Although the League of Nations was short-lived and clearly failed in its primary mission, it did essentially spawn the United Nations at the end of World War II, and many of the UN’s structures and organizations came straight from its predecessor, with the concepts of an International Court and a General Assembly coming straight from the League. More importantly, the failures of the League ensured that the UN was given stronger authority and enforcement mechanisms, most notably through the latter’s Security Council, and while the League dissolved after a generation, the UN has survived for over 70 years. 

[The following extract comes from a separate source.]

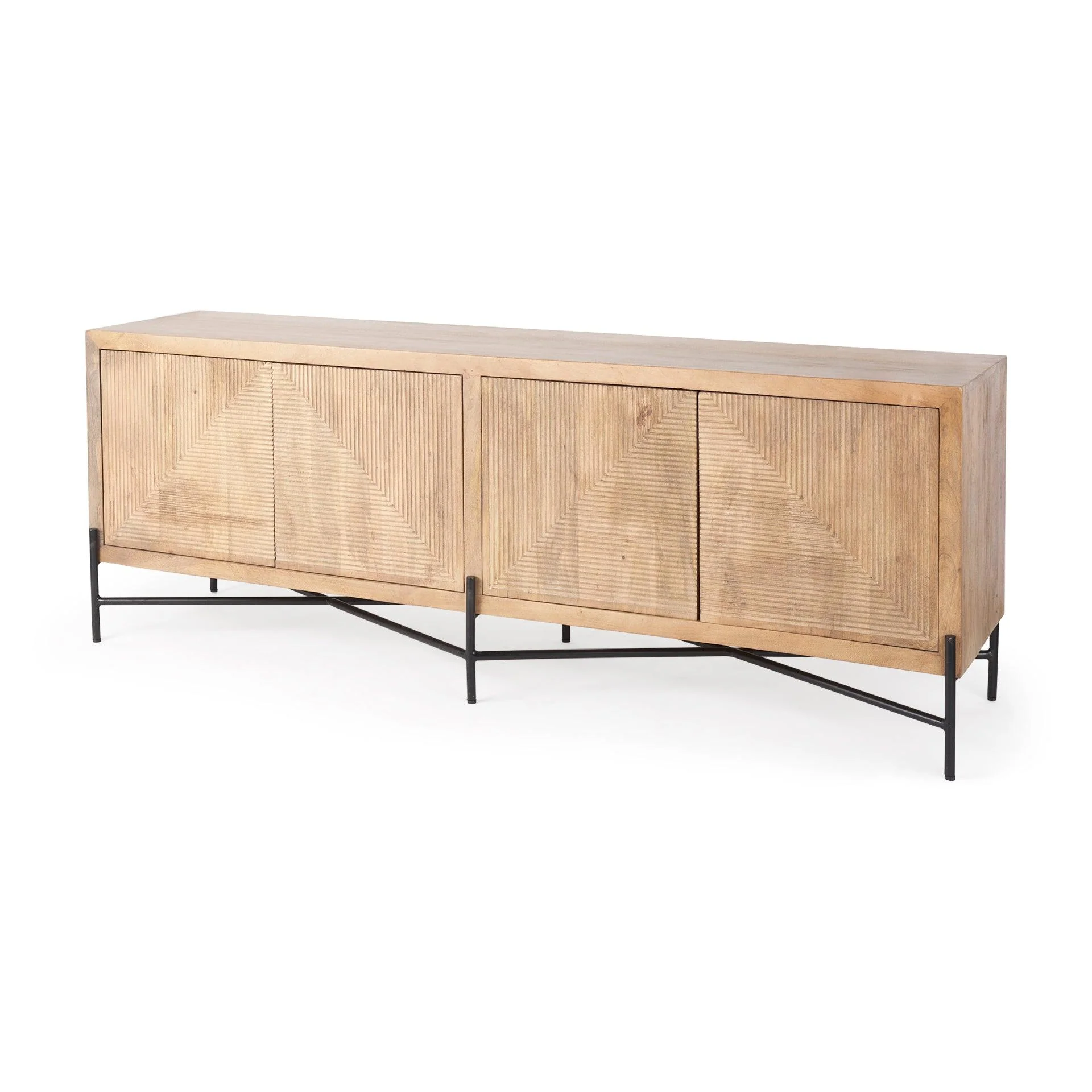 Cairo 4 Door Cabinet Sideboard - Remutear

One of the League’s most lasting legacies was the manner in which it handed over administrative control of land in the Middle East to the victorious Allied Powers, namely France and Britain. The Ottoman Empire quickly collapsed after World War I, and its extensive lands were divvied up between the French and British. While the French gained control of the Levant, which would later become modern day nations like Syria and Lebanon, the British were given the Mandate for Palestine. The British Mandate for Palestine gave the British control over the lands that have since become Jordan, Israel, the West Bank, and the Gaza Strip.

The intention of the mandate system was to have the administrators peacefully and gradually usher in independent states, and both European powers eventually attempted to withdraw from the region, but anyone with passing knowledge of the Middle East’s history in the late 20th century knows that the region has seen little peace. As with the British Mandate of Palestine, the French found themselves attempting to placate various ethnicities that they only had a passing familiarity with, and the lines they drew for states like Syria and Lebanon were ultimately arbitrary.